And if you are good about "going and seeing" when they want to show you something, the whole garbage truck thing still happens, just with something a bit more sophisticated than the garbage truck. I happen to be pretty unsophisticated, but honestly, my teenagers aren't that much more so than I. I spent the trip to community college yesterday listening to my 14yo's descriptions of the beautiful ice crystals inside a half-frozen water bottle. I listen to blow-by-blow descriptions of dungeon and dragon battles and snowboard tricks and comedy routines and jokes and movies. The trick is to KEEP LISTENING. The moment you let your mind wander, you get lost and then it is boring. You have to make sure you keep following what they are saying. And as people have pointed out, you have to do it right away when they want to.

 

I drink tea at intervals throughout the day. If you have something like that, teach your children to make you a cup. Then they have something concrete they can do to help you, when they feel like it. They can still comfort you, you just have to teach them how to do it in a more remote way.

 

Tell your children when they hurt your feelings. Don't make a scene about it, but tell them firmly. If a toddler pulls your hair, you tell them that it hurts you, right? Well, you can tell a teenager the same way, with the assumption that they didn't mean to, that they just didn't know. Yes, sometimes they do want to hurt you, or are mad at you, but most of the time mine just didn't think about it.
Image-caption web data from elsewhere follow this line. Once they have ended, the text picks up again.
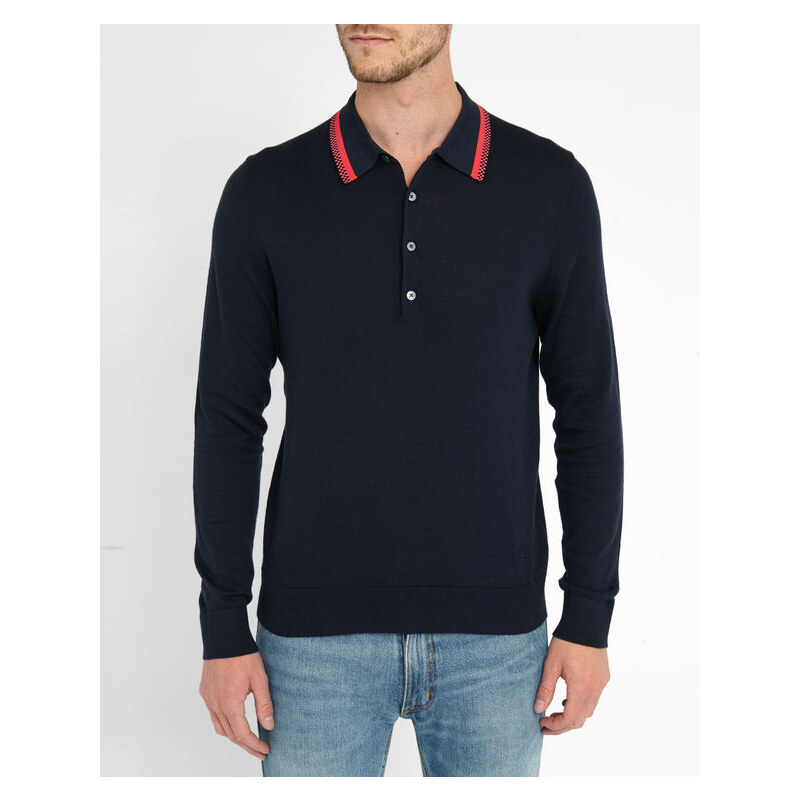 PS By Paul Smith Strick-Poloshirt aus Baumwolle mit Kontrastkragen in Marineblau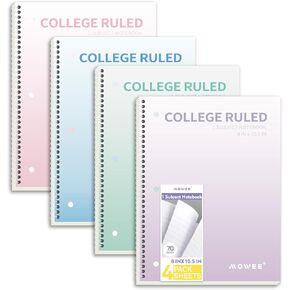 Spiral Notebooks College Ruled, 4 Pack 1 Subject Spiral Notebook, 8 x 10.5 inch, 70 Sheets Notebook College Ruled, 3-Hole Punched Paper, Spiral Notebooks for School&Home, Work, Writing Journal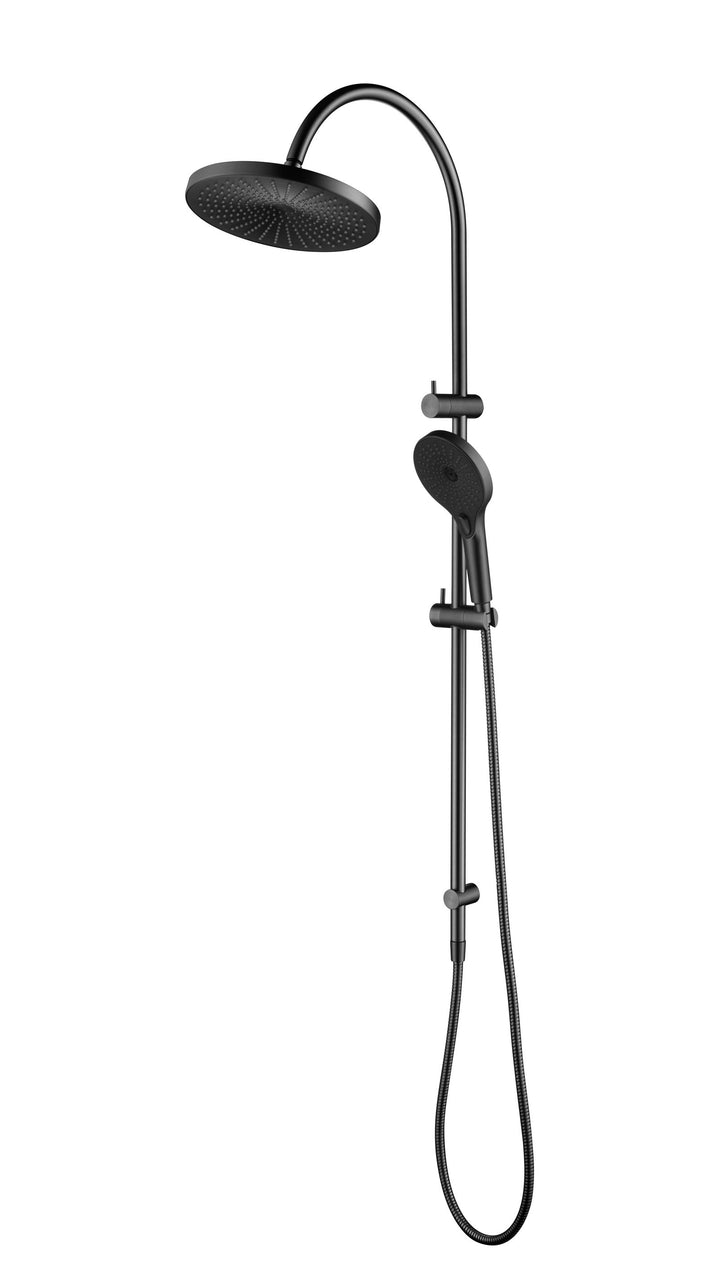 Mica Gooseneck Dual Shower Rail - Gunmetal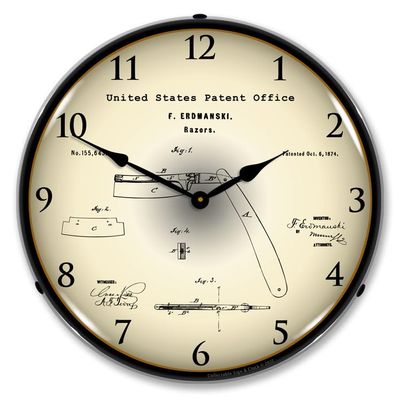 1874 Straight Razor Patent Backlit LED Lighted Clock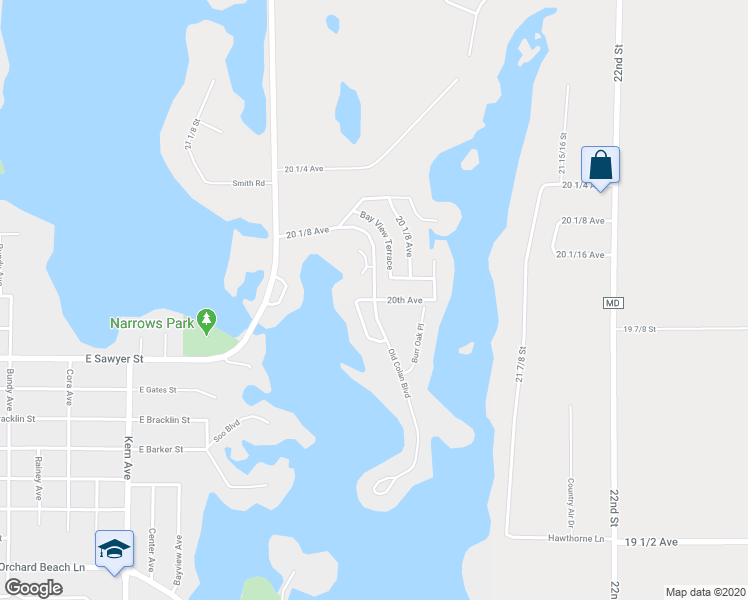 map of restaurants, bars, coffee shops, grocery stores, and more near 2199 20 1/8 Avenue in Rice Lake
Make your children pay attention to you, not a lot, but enough that they think about what they say and do around you. Their wives will thank you.

 

Don't pay attention to the tone of their voice, pay attention to their words. Their tone somehow gets stuck in angry. They can't hear what it sounds like, and have no idea they are doing it. Listen to their words and tune out the tone. Or just straight ask them if they meant to sound angry.

 

And about that permanent toddler? It is called a dog LOL. I didn't chose to get a dog; my son rescued one, but she turned out to be the best antidote to teenagers that you could possibly imagine short of another baby. She comes and leans against me whenever I'm unhappy because someone is yelling at me. She tries to comfort me dog-fashion, which turns out to be the same as toddler fashion - a body thing, not a word thing. Maybe you should consider finding an adult dog to adopt. A puppy would require energy, but a nice calm adult dog is a fairly effortless comfort, other than having to remember to take her with me whenever possible and brush and bath her from time to time. She fixes me rather than drains me. And unfortunately, teenagers are very emotionally draining.

 

Take full advantage of your husband, too, if you can.